■ **SOURCE MATERIAL**:
--------------------
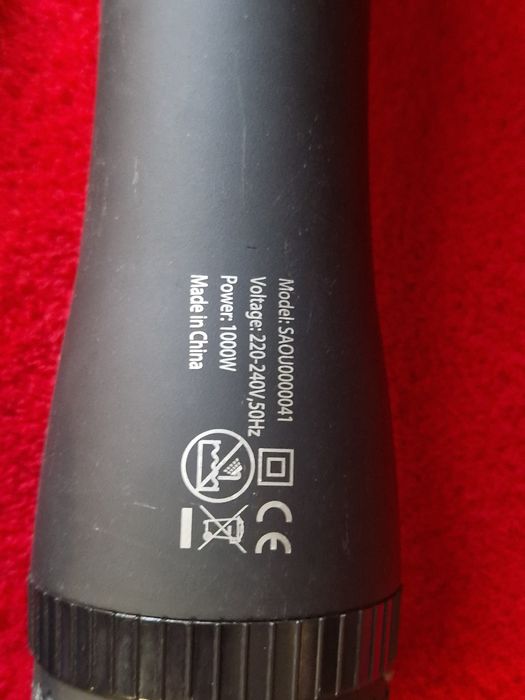 Uscător de par  / perie rotativa 4 trepte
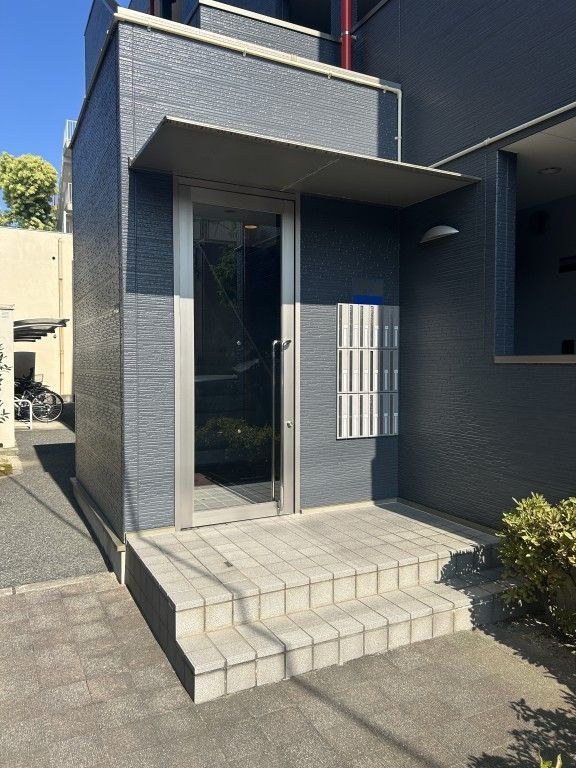 尼崎市南塚口町６丁目のアパートのエントランス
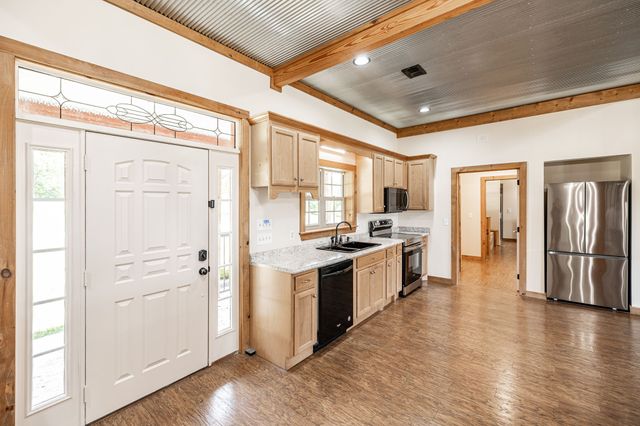 2726 New Hall Rd, Greenbrier, TN 37073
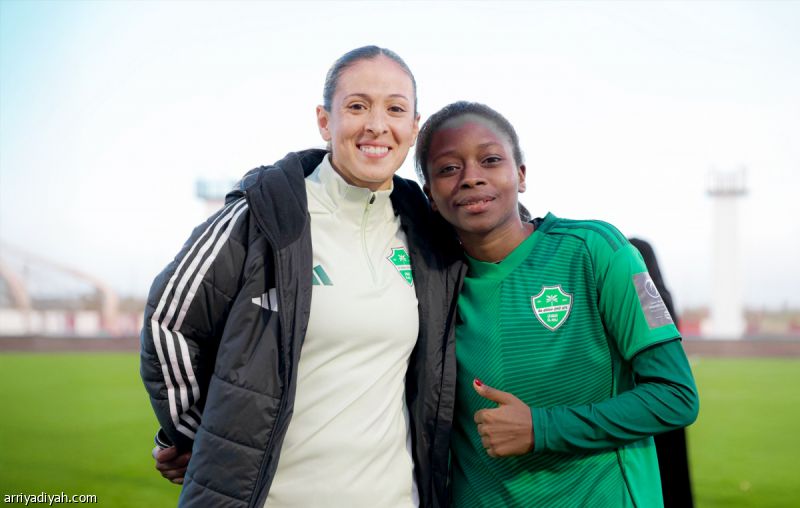 سيدات الأهلي يستعرضن بخماسية نيوم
--------------------
All of the listing should be transcribed exactly, but none of its images.

 Uscător de par  / perie rotativa 4 trepte
 尼崎市南塚口町６丁目のアパートのエントランス
 2726 New Hall Rd, Greenbrier, TN 37073
 سيدات الأهلي يستعرضن بخماسية نيوم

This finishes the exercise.